PROVIDED ENTRIES: Begin

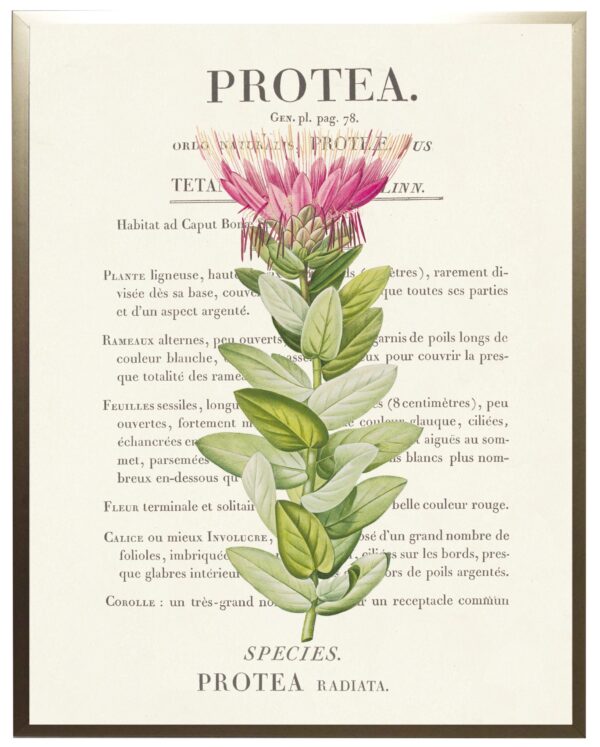 Protea flower on book plate definition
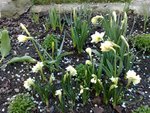 Les narcisses qui sont petites à cause de la chaleur d'un coup et du fait que je les ai plantée assez tardivement ... Donc je ne leur en tiens pas rigueur :D
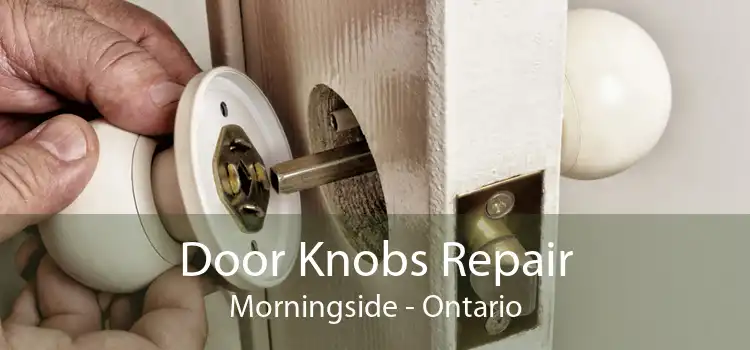 Door Knobs Repair Morningside - Ontario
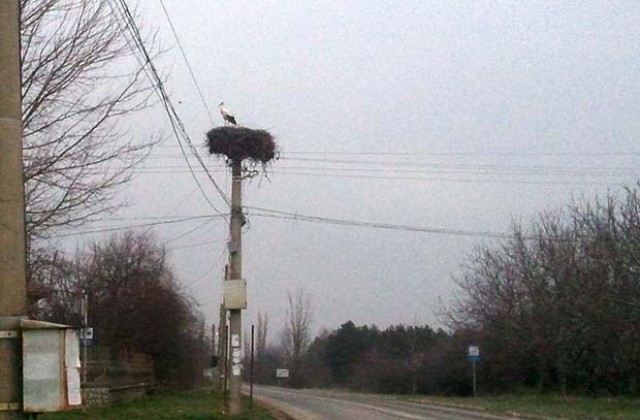 Щъркелите дойдоха и във врачанско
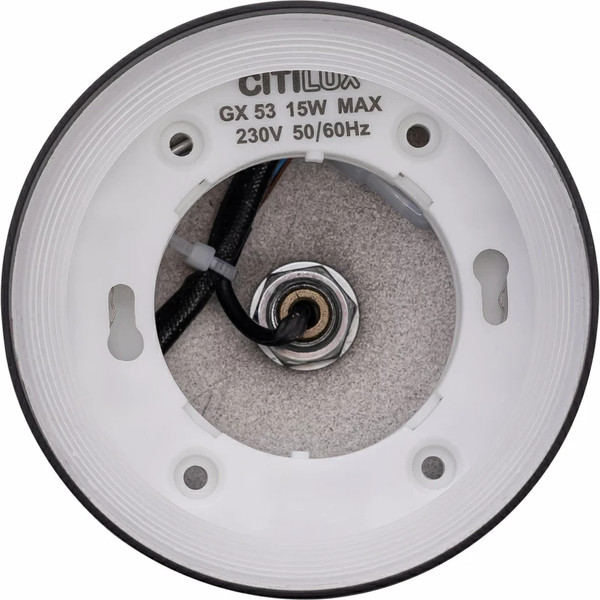 Потолочный светильник Citilux Hardy CL002P11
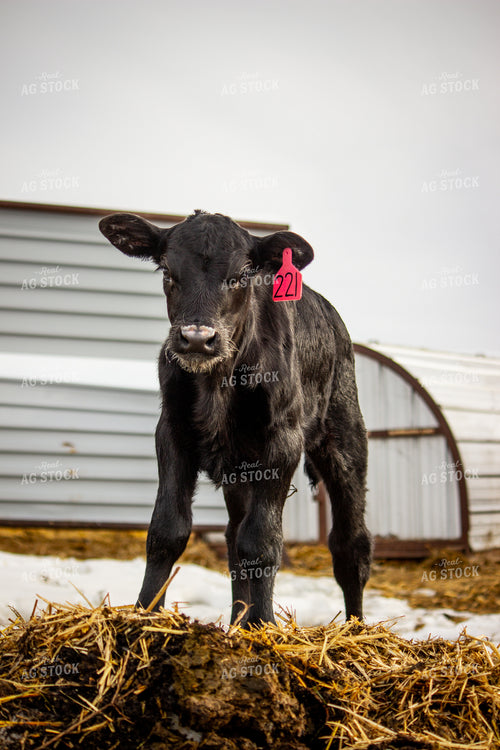 Angus Cattle 155033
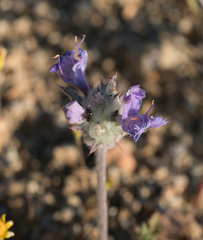 Salvia carduacea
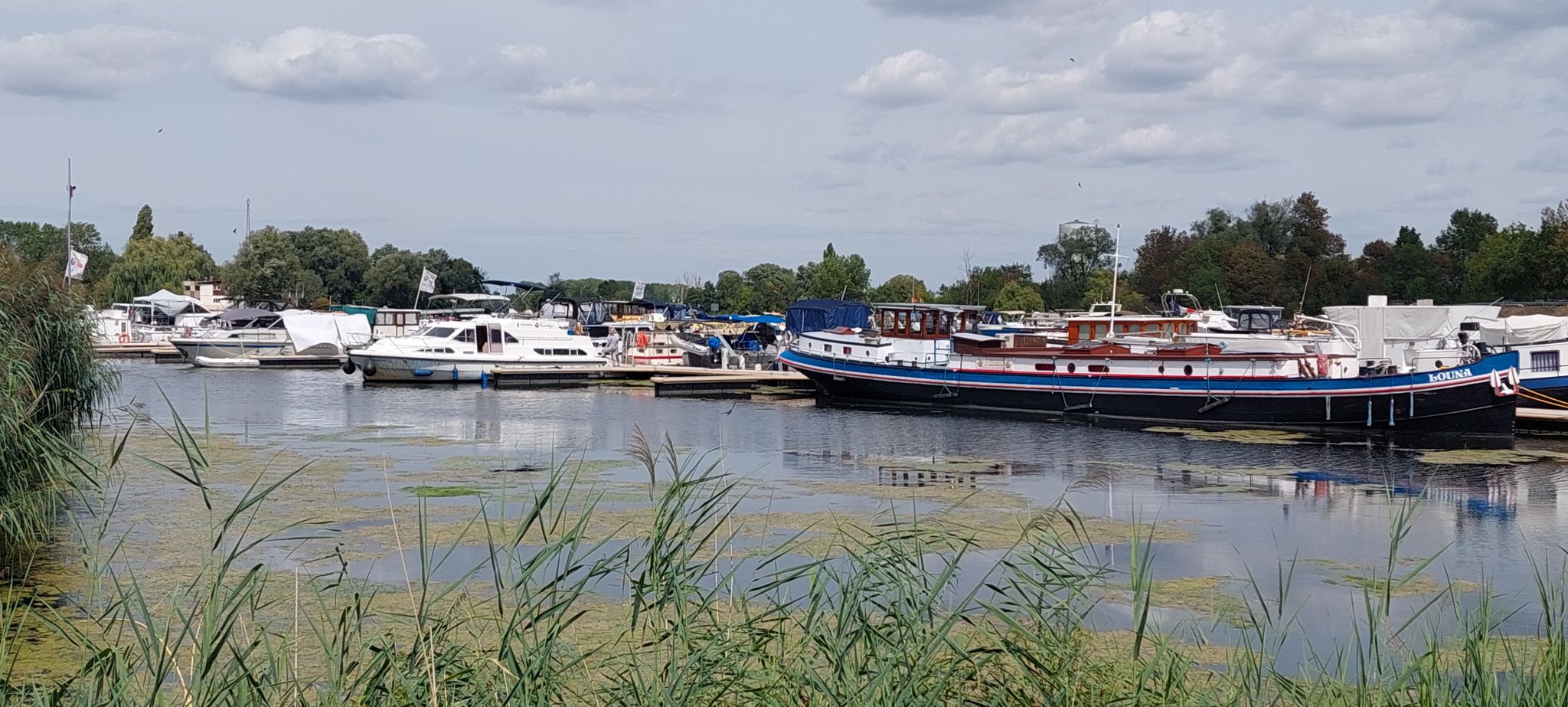 Der Yachthafen 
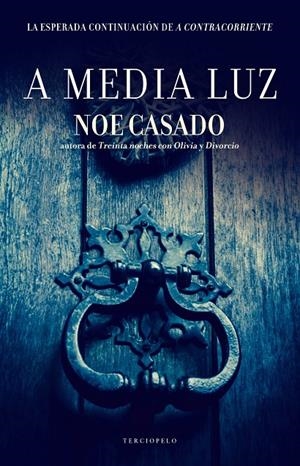 A MEDIA LUZ | 9788415952015 | CASADO, NOE | Galatea Llibres | Librería online de Reus, Tarragona | Comprar libros en catalán y castellano online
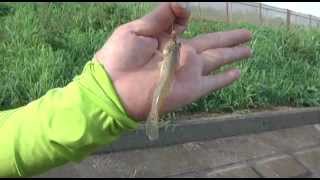 ハゼ&手長エビ釣りDVDトレーラー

PROVIDED ENTRIES: End

**TASK TO COMPLETE:** Pictures are to be left out; the lines from the start of the records above through the line holding "Der Yachthafen" are to be returned exactly.

**TASK OUTPUT:**
 Protea flower on book plate definition
 Les narcisses qui sont petites à cause de la chaleur d'un coup et du fait que je les ai plantée assez tardivement ... Donc je ne leur en tiens pas rigueur :D
 Door Knobs Repair Morningside - Ontario
 Щъркелите дойдоха и във врачанско
 Потолочный светильник Citilux Hardy CL002P11
 Angus Cattle 155033
 Salvia carduacea
 Der Yachthafen 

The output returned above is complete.